Closed Raza403 closed 5 months ago
Per Raza: a way to improve this is to have the test case report the HTTP error code. Did it fail to connect or is there a 404/40x error?
Also, the root cause is maybe that our IP address is getting blocked because of frequent checking. We want to make sure that our cache is working.

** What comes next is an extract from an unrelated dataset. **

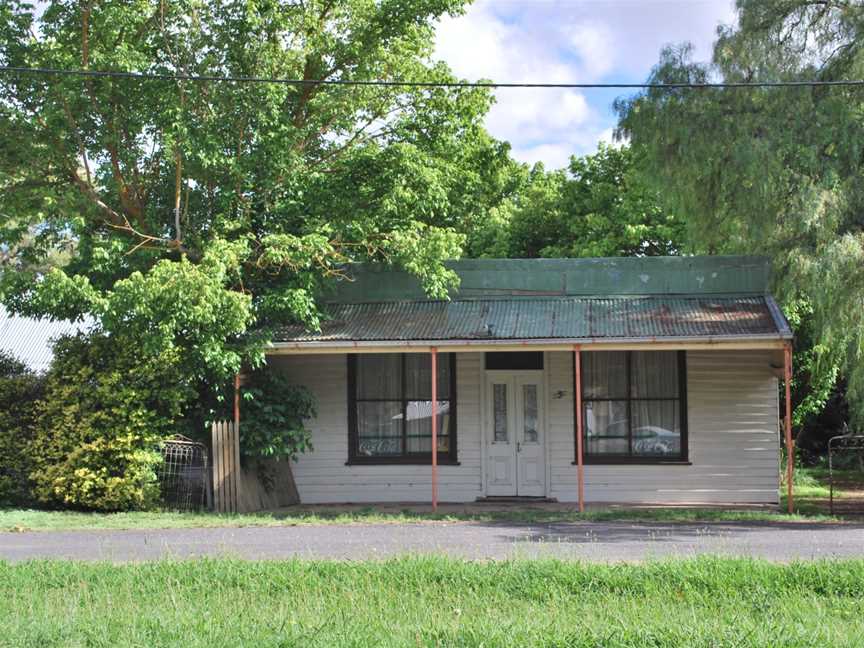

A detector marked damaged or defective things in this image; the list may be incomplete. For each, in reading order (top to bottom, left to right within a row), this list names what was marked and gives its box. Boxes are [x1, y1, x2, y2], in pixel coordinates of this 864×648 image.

Something else to do is when the test case is started to report about the cache:
Loaded link checker cache: 321 items, newest 2024-03-04, oldest 2023-12-13
For example that can go here https://github.com/fulldecent/mtssites/actions/runs/8297750824/job/22709517969#step:8:14
There are chances that the IP address used by GitHub actions is blocked, but I have tried this on a new IP on a new personal laptop, and I got the same error. One problem is most of these websites are blocking curl
request, so I upgraded the curl request to make it look more legit and it worked on 80% of the sites previously giving false broken link errors.
Here is the updated curl command i used
const result = execSync(`curl --head --silent --fail --max-time ${TIMEOUT_SECONDS} --location \
--user-agent "Mozilla/5.0 (Windows NT 10.0; Win64; x64) AppleWebKit/537.36 (KHTML, like Gecko) Chrome/99.0.9999.999 Safari/537.36" \
--header "Accept: text/html,application/xhtml+xml,application/xml;q=0.9,image/webp,image/apng,*/*;q=0.8,application/signed-exchange;v=b3;q=0.9" \
"${url}"`);
Here is the curl command we are using right now.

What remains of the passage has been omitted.